なぜアクセス向上を狙ふのかを、最初に考へて貰ひたい。澤山の人に見て貰へなくとも、少數の仲間内で樂しくやつてゐられればそれで良い、と云ふコンセプトでウェブサイトを運營しても良いからである。實際、仲間内だけのサイトの方が、和氣藹々としてゐて、樂しい事が多い。

アクセス數が増えると、同時に嫌な事も増える。「荒し」等の攻撃を受けたり、ダイレクトメールが大量に屆いたりする。それでもアクセス向上を目指すには、何か積極的な理由があつた方が良い。

アクセス數と閲覽者數は別

アクセス數だけがサイトの價値を表すのではない。同じ100アクセスでも、100人の人に1囘づつ見て貰ふのと、10人の人に10囘づつ見て貰ふのとでは意味が違ふ。後者の方が、そのサイトは魅力的だ。
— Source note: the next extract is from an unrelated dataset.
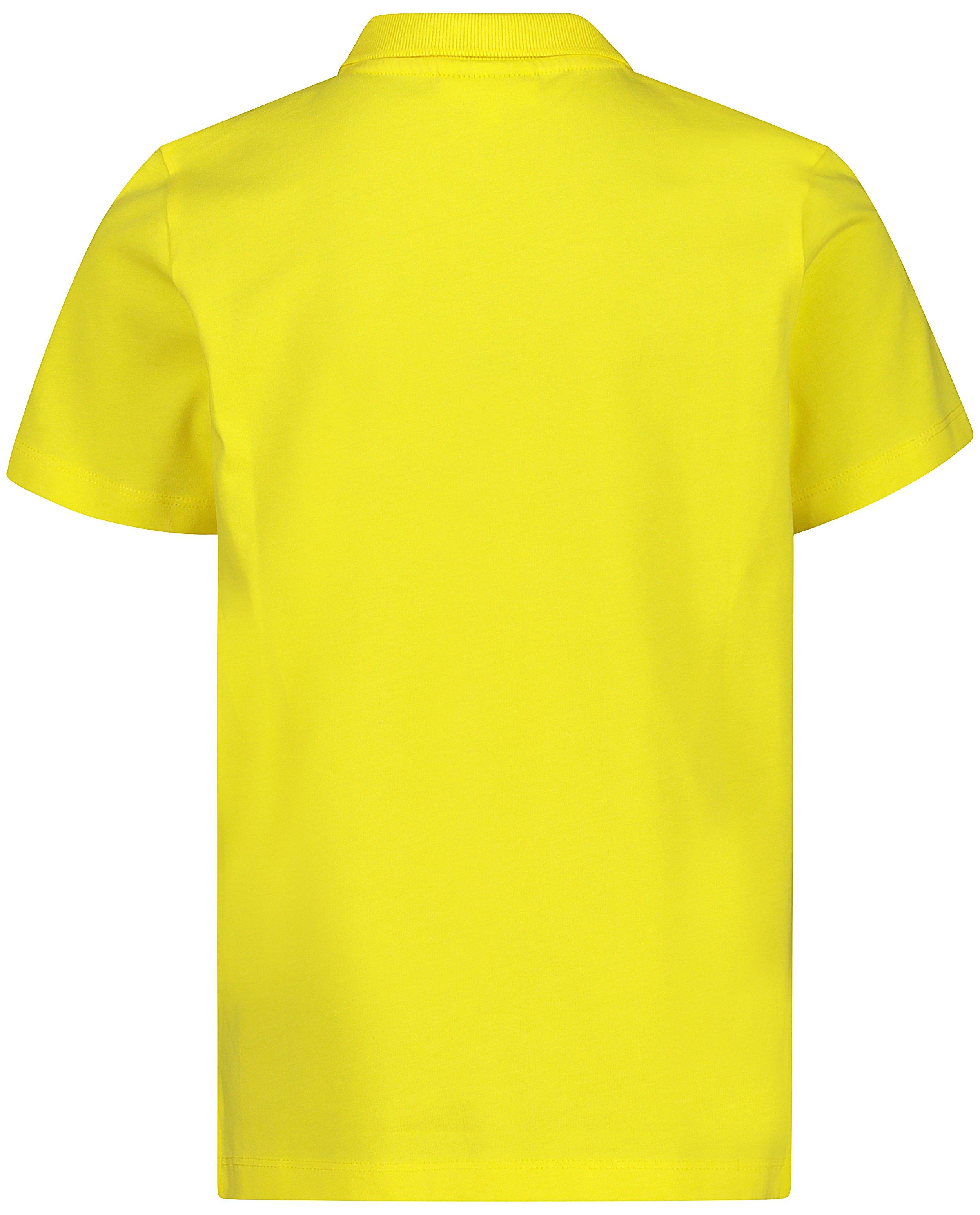 Polo's - Gele polo met opschrift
1囘見ただけですぐ閲覽者が別の所に行つてしまふ樣なサイトを作つてはいけない。

本當に好きな事を書いてゐるのなら、同じ趣味・信條の人が何度でも來て呉れる。同好の士は、心強い身方である。新規の閲覽者を稼ぐ努力をするよりも、常連さんに何度も來て貰へるやうなサイトづくりをしたい。

それでもアクセス數にこだはるのなら

ウェブで人氣を得るのも、實社會で人氣を得るのと同じ要領が必要だ。出版社で言へば、編輯と營業の兩方が良くなければ本が賣れない。ソフト會社で言へば、制作と營業の兩方が良くなければソフトウェアが賣れない。

本當に大事な事

強調しておきたいのだが──ウェブサイトの作成者は、常連さんを裏切つてはいけない。それは、アクセス數を稼ぐ事よりも、もつと大事な事だ。アクセス向上の努力を怠つてサイトを閑散とさせてしまつては詰らないが、アクセス數を伸ばす爲にサイトを運營する意味そのものを無くしてしまふのはもつと詰らない事だ。
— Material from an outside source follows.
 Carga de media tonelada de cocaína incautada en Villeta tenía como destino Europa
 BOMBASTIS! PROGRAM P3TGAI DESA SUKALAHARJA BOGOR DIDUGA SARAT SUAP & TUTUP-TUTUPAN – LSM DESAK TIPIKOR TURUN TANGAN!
アクセス數を伸ばす爲に、人に媚びるやうな文章を書いてはならない。好きでもない事を書いて人を集めようとしても、すぐにばれる。ばれたら、閲覽者はすぐに去つてしまひ、二度と戻つて來ない。だから制作者は、自分の好きな事だけを扱ふやうにすべきだ。

ウェブで「何をやりたいのか」を自覺し、自分で決めた道を迷はず進むべし。自分のやりたい事なんて實社會ではさうさう出來ないのだから、せめてウェブでは徹底的にやるべし。